Dando continuidade à sua pena afiada, o escritor romeno agora fala da literatura James Joyce:  “Um crítico inglês fala com muita propriedade de ‘frases despregadas’ em Joyce. É um estilo moído, frases descontínuas, dispostas umas após as outras, como se fosse uma demonstração; para mim é uma leitura penosa”. Seus pensamentos também são ‘despregados’, Cioran – e é justamente aí que você se encontra como um leitor de Joyce? Quando você diz que ser “penoso” ler Joyce, será que você não estaria tecendo um elogio? Uma constatação de uma boa e universal literatura? Vai saber seus motivos – e suas verdades.
Em relação à política, Cioran também é categórico: “Os direitistas fazem-me desgostar da direita; os esquerdistas, da esquerda. Na verdade, com um direitista eu sou um esquerdista e com um esquerdista, um direitista”. Como Cioran enxergaria os extremos e o maniqueísmo contemporâneo? Como o pensador versaria sobre questões tão polêmicas e importantes que afloram nos debates atuais? Fugiria, tomaria partido ou iria para Talamanca sofrer um pouco mais?
Sim, Cioran, tudo é fruto da importância descabida dada ao homem e suas letras – como você mesmo postulou: “Todas as religiões deram importância desmesurada ao homem: é por essa razão que elas gozam de tamanho crédito.” Há que se suspender, então, o homem do mundo? Acabar com a religião? Desmascarar e desnudar a razão inoportuna que nos acompanha ao longo da evolução humana?
Você, Cioran, defende o pensador ou o escritor que vive egóico em sua obra? Você se enxerga de qual maneira?  “O que distingue o pensador do escritor é que o pensador escreve somente quando tem algo a dizer. (Acabo de formular mais uma promessa do que uma constatação.)” Seu livro tem, de fato, algo a dizer – ou só são polêmicas e importunações?
E sobre a culpa e o pecado do escritor, Cioran, você também carrega e suporta toda essa responsabilidade judaico-cristã? “Na ordem do espírito, toda produção feita sem necessidade é um pecado contra o espírito. O escritor, como tal, encontra-se em estado de pecado mortal”. Qual seria o nosso pecado mortal – a filosofia, a arte ou a literatura?

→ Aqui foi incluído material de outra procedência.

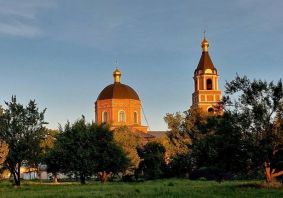 Церква не сумує й не плаче над труною Богородиці (відео) Церква не сумує й не плаче над труною Богородиці (відео)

Caderno de Talamanca é um texto escrito para incomodar e para nos fazer refletir sobre a crítica, sobre o pensamento, sobre o lugar de fala e o politicamente correto, muito bem-vindo nos dias atuais.

CADERNO DE TALAMANCA
De E. M. Cioran
Editora Âyiné
46 páginas
R$ 21,90

*Jacques Fux é professor da Escola de Engenharia de Minas Gerais (EMGE), matemático e escritor, autor de 'Meshugá: um romance sobre a loucura' (José Olympio, 2016), 'Nobel' (José Olympio, 2018), entre outros.